Adobe After Effects imports my video choppy! Why? Trying to make light saber effects.
by orangeflava
on
Sep 24, 2007 at 8:33:51 pm
Hello. first time poster here.
I am trying to make my first light saber video with adobe after effects and I think I got the hang of how to create the effects via online tutorials but the thing I am stuck on is importing and exporting the video.
I have a 3 and a half minute battle I made with Adobe Premiere Elements 3.0 but for some reason when I import it into After Effects it skips a few frames every now and then. I always choose export to MPEG in premiere to get a good quality(albeit big file size) video.
So I have my solids and everything set up in after effects for the lightsaber effect but when I go to the point where I want to animate the saber every other frame skips instead of moving along continuously.
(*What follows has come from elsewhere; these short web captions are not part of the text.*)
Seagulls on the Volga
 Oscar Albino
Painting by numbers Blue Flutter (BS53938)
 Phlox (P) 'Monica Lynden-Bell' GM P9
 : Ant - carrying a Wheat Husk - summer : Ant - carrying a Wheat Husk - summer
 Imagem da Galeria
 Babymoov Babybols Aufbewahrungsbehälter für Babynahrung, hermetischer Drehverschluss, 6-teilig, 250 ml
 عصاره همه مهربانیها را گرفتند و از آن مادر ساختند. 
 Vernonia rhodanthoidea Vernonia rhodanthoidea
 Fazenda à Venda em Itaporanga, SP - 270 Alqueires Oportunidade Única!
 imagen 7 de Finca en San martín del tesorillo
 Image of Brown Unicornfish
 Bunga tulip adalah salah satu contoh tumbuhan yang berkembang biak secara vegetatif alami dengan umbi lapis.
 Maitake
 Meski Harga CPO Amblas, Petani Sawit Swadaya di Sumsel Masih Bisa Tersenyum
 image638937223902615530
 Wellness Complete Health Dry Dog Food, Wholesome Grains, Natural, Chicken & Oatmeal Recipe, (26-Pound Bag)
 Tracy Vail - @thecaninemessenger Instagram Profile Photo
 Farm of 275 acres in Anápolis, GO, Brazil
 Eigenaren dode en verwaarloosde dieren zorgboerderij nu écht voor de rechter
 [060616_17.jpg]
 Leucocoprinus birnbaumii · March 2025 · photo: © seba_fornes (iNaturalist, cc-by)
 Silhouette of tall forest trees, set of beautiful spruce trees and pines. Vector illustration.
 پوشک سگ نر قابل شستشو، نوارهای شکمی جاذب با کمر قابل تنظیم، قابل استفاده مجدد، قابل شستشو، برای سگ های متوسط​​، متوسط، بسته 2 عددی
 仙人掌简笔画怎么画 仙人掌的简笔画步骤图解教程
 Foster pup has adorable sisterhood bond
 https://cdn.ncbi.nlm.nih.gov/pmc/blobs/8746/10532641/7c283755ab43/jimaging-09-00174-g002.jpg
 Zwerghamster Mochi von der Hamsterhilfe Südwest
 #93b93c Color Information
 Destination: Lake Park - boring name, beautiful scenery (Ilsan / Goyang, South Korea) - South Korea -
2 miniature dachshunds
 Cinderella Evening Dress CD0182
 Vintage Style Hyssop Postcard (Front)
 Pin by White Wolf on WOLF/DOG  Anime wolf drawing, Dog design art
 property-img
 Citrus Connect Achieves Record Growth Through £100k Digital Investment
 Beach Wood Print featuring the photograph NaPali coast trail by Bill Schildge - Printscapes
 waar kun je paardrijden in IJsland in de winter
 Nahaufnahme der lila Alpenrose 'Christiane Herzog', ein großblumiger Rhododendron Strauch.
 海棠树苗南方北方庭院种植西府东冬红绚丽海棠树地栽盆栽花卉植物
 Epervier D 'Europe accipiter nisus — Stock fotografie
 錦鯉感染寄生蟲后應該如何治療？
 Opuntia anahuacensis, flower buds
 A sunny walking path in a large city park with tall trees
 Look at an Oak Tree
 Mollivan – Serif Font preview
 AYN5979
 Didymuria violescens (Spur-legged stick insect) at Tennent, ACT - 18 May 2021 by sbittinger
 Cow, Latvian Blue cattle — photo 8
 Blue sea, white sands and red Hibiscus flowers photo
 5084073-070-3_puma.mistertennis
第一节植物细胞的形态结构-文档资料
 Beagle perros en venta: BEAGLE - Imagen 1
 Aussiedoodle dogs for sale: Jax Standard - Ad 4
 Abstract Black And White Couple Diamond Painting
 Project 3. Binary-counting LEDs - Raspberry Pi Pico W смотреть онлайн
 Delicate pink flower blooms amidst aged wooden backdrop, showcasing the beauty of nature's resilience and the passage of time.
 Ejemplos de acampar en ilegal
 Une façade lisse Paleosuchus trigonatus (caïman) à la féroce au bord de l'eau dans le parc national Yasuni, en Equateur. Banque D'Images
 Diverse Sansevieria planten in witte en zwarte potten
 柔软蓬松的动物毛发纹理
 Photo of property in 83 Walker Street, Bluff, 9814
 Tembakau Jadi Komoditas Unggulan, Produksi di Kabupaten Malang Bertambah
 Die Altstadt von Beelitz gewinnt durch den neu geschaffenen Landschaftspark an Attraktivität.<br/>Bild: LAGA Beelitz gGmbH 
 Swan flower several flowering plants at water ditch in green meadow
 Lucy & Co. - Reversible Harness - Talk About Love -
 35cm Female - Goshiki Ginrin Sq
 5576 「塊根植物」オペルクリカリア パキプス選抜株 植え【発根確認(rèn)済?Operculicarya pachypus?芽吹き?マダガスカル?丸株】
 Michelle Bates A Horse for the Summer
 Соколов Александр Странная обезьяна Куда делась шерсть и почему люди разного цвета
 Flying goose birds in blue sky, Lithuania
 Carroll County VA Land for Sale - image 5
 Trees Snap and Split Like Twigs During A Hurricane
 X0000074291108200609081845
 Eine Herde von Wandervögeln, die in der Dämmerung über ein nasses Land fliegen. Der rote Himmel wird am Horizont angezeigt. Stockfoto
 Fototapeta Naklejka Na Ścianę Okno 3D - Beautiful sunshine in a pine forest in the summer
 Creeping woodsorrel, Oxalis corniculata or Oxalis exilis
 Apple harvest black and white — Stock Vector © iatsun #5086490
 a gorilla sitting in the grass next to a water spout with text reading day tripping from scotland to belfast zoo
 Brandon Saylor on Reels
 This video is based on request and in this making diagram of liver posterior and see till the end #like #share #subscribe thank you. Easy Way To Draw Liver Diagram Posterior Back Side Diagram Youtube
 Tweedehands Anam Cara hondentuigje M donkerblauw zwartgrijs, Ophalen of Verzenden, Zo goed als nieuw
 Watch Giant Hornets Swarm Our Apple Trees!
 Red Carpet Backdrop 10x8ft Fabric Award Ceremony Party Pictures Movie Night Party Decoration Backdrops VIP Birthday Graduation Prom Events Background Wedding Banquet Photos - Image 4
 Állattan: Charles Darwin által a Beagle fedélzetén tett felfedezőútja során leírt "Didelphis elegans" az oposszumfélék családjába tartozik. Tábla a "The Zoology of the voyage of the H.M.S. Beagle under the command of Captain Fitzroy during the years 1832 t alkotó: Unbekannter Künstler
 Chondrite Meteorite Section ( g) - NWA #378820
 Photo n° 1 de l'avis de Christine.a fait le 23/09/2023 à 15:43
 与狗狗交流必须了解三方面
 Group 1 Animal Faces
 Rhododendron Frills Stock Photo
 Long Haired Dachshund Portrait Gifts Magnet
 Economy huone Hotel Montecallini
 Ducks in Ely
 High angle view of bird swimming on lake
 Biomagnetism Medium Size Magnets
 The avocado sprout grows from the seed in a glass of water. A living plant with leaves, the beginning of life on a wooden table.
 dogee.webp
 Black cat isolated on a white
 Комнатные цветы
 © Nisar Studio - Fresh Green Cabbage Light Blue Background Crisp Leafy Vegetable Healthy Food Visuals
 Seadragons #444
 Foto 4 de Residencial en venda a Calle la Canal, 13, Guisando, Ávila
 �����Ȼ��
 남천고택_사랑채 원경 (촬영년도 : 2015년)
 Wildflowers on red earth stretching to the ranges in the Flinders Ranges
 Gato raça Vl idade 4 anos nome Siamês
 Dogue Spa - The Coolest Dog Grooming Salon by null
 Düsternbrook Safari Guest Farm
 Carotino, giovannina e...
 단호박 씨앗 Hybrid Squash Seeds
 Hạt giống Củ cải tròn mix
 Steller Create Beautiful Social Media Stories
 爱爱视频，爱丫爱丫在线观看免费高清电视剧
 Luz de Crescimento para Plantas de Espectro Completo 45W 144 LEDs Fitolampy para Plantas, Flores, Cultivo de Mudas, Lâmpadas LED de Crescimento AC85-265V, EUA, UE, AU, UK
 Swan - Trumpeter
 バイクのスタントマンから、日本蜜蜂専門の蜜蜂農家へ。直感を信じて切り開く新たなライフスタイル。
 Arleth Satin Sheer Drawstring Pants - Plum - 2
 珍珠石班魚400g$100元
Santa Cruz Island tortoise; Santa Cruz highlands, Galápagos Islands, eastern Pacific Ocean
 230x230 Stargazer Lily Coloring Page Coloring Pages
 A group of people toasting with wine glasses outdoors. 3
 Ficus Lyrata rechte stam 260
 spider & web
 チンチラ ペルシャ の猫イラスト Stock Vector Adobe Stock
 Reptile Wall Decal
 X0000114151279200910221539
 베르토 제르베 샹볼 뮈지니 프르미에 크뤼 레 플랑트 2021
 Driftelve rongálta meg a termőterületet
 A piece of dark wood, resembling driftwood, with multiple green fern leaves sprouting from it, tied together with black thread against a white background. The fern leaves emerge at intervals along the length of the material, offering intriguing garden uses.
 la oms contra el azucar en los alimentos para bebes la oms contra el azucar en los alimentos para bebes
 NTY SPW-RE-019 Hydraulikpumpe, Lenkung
Why does this happen? It didn't happen when I tested it out at first with a 10 second clip of my movie. Anyone got any pointers? Am I doing something wrong? Thanks for any help!
Re: Adobe After Effects imports my video choppy! Why? Trying to make light saber effects. by Aharon Rabinowitz on Sep 25, 2007 at 1:04:50 pm
I think your problem is one of 2 things:
1 - you exported your video compressed, from APE, and as a result, the video keyframes are causing the jerkiness. Work uncompressed.
2 - You are using a different composition frame rate, then your footage frame rate. Select your footage in the project panel and look at the info box up top. Check what the frame rate is. Then go to Composition > Composition Settings, and set the frame rate to the same thing.
Re: Adobe After Effects imports my video choppy! Why? Trying to make light saber effects. by Dave LaRonde on Sep 25, 2007 at 2:52:38 pm
[orangeflava]"I always choose export to MPEG in premiere to get a good quality(albeit big file size) video."
To expand a bit on what Aharon said:
It's always the best policy to work in uncompressed or lossless in AE. Remember the old mantra of computer geeks from decades past: Garbage In, Garbage Out. Just like Aharon said.
Here's the expansion part: MPEG is an especially bad choice because it uses interframe, or temporal, compression. It looks at a series of frames, finds the stuff that DOESN'T change in the series, and writes that information just once.
Well, that just drives AE nuts, because AE likes frames with complete, not partial, information. That's why the video's skipping.
And if you think an MPEG file is pretty darned big, you ain't seen nothin' yet. Get used to REALLY BIG file sizes in AE.
Re: Adobe After Effects imports my video choppy! Why? Trying to make light saber effects. by orangeflava on Sep 25, 2007 at 5:38:25 pm
thanks for the replies. I am now trying to export in quicktime but there are so many choices and i don't know which ones are uncompressed. where can i find this out? and when i exported the video was slightly pixelated. what is the best codec/export method to get uncompressed and unpixelated video?
Re: Adobe After Effects imports my video choppy! Why? Trying to make light saber effects. by taikwanjo on Sep 25, 2007 at 7:39:09 pm
I have Premiere Elements 1.5, and in that version you just go to File-Export-Movie, and make sure the File Type is Microsoft DV AVI, and Color Depth is Millions of Colors. Quicktime/MOV should also work.
A question for you... Could you just use the original captured footage file instead of exporting another copy of it? Depending on which version of AE you have, you should be able to just copy the clip from your timeline in Premiere and paste it into your composition in After Effects. Or you could go to File-Import in AE and import the file from your capture folder.
Re: Adobe After Effects imports my video choppy! Why? Trying to make light saber effects. by Aharon Rabinowitz on Sep 25, 2007 at 11:28:11 pm
DV is a lossy format and should not be used until the final video.
Quicktime with Animation compression, and set to best quality. You can also get smaller sizes with Qucktime PhotoJPEG, but there is some loss. I'd stick with animation compression. Be prepared to use up a bunch of hard drive space. You can always erase the extra files when you're done.